The Haunted Red Lion Avebury Pub
After arriving from Stonehenge, we headed to the local Red Lion Avebury Pub for some lunch! I enjoyed an excellent Guinness as well as fish and chips! The pub is built around an old well that may or may not have been the final resting place of an unfortunate Avebury villager. “The Red Lion was first licensed in 1802 and is famous for its 86ft deep well which dates back to the 1600’s.” The Red Lion Avebury Pub is also the only inn in the world that is located inside a prehistoric stone circle.
It’s also supposedly haunted! Several ghosts have been known to reside within and around the Red Lion Avebury Pub.
- A phantom carriage, drawn by ghostly horses, has been seen crossing the inn’s courtyard.
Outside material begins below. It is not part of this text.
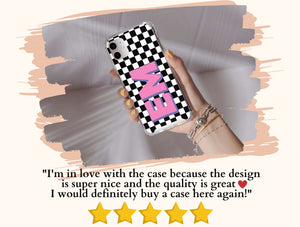 Personalized Checker Board Phone Case – Custom Name, Initials & Retro Y2K Design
Known locally as a harbinger of tragedy, meaning a close relative is about to die.
- The Red Lion’s female phantom, Florrie was caught with another man by her husband. He shot her lover and slit her throat. Then dragged her body to the well, threw her down it, and sealed it with a boulder. Florrie’s ghost has remained at the pub ever since.
- The ghosts of two children and a woman haunt the Avenue bedroom.
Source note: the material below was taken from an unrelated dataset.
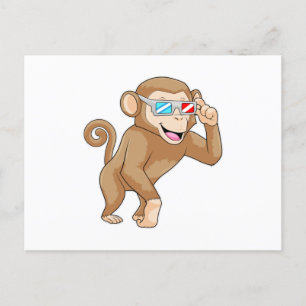 Monkey with Glasses Postcard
While I didn’t know about this at the time, I’m somewhat glad it didn’t since I sat at that well! After lunch, it was off to the Stones!
Visiting Avebury’s Stone Circle
Since we had limited time, I didn’t get to visit all of the Avebury Stone Circle, but what I did see was beautiful. Unlike Stonehenge, Avebury isn’t commercialized. No visitor center, no tram up to the site, no audioguide. There’s also wasn’t a whole lot of other people there, which was a nice change. It was lovely to enjoy the place without any pressure. It also felt so much more natural as you can walk right up to them! Though I wouldn’t recommend touching them.
JRR Tolkien’s Trees
Just a little way down the road from the Red Lion Avebury Pub, you happen upon some enormous trees. My friend, who had been before, told me these trees had been the inspiration for JRR Tolkien’s ‘walking trees’ or Ents in The Lord of the Rings. If you’ve either seen the film or read the books, you’ll recall the walking trees I’m talking about.
Ents are the huge talking trees that help the hobbits. People have tied ribbons to the tree’s branches with wishes written on them. Unfortunately, I didn’t know this was also the Avebury wishing tree, so I didn’t have a ribbon on me. My wish would have been for Nerd Out to be successful. And thus far, it is!
Travel Tip: Bring a ribbon and a pen or marker so you can add to the Avebury wishing tree while visiting!
Visting Avebury, England
Whether or not these massive, gorgeous trees were the inspiration for JRR Tolkien, they are truly amazing. And while you’re visiting Avebury, it’s worth the five-minute walk to see the Avebury wishing trees.
As we took a coach bus from the Cotswolds to Stonehenge to Avebury and back, it was easy for me to get around. However, I realize that’s not everyone’s situation. The easiest way seems to be by car or public transport.
You’re able to visit the Avebury Stone Circle any reasonable time during daylight hours. It is also FREE to visit! I enjoyed my time in Avebury, England and I hope you will too!